- Data excerpt -
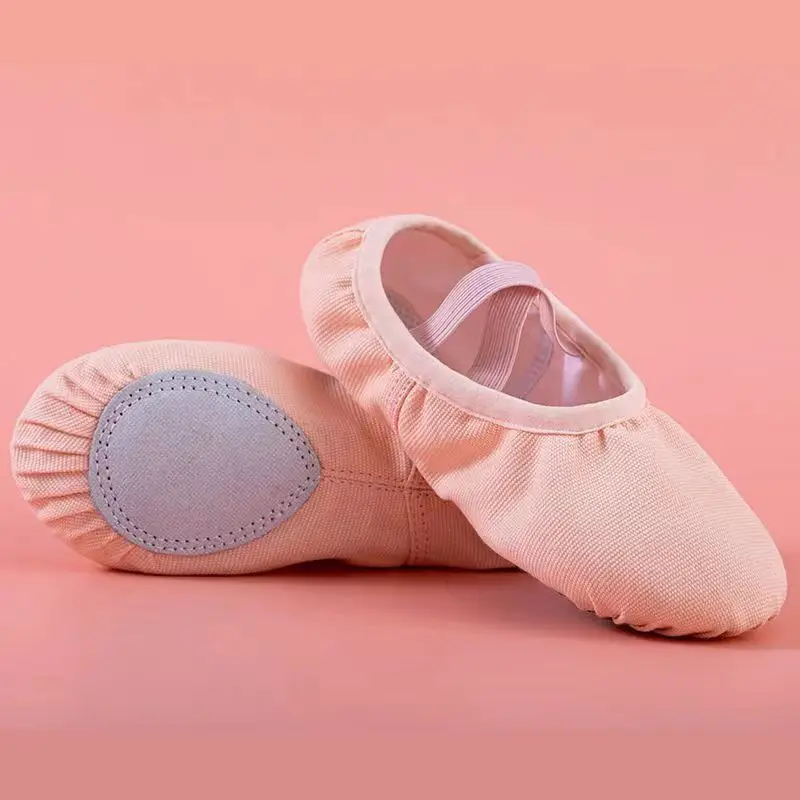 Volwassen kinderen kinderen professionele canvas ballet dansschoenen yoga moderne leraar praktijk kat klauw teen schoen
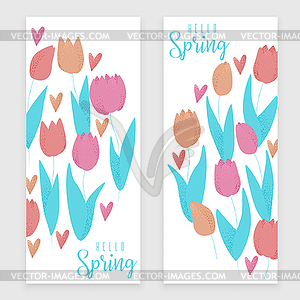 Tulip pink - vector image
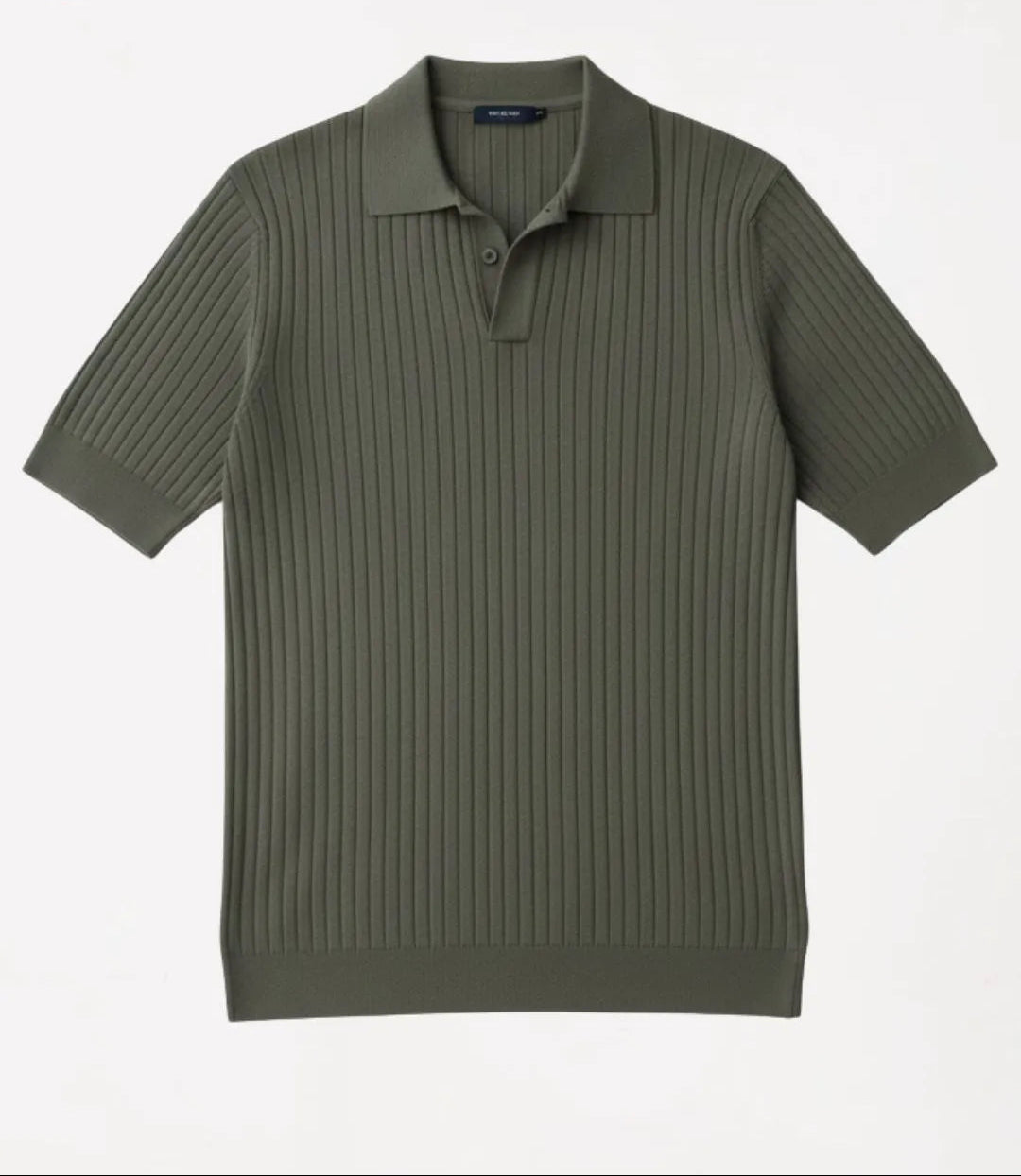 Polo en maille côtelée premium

- Activity -
Write out, please, the lines of the listing above from the one with "Tulip pink - vector image" through the very last, exactly as given and with no pictures.

- Answer space -
 Tulip pink - vector image
 Polo en maille côtelée premium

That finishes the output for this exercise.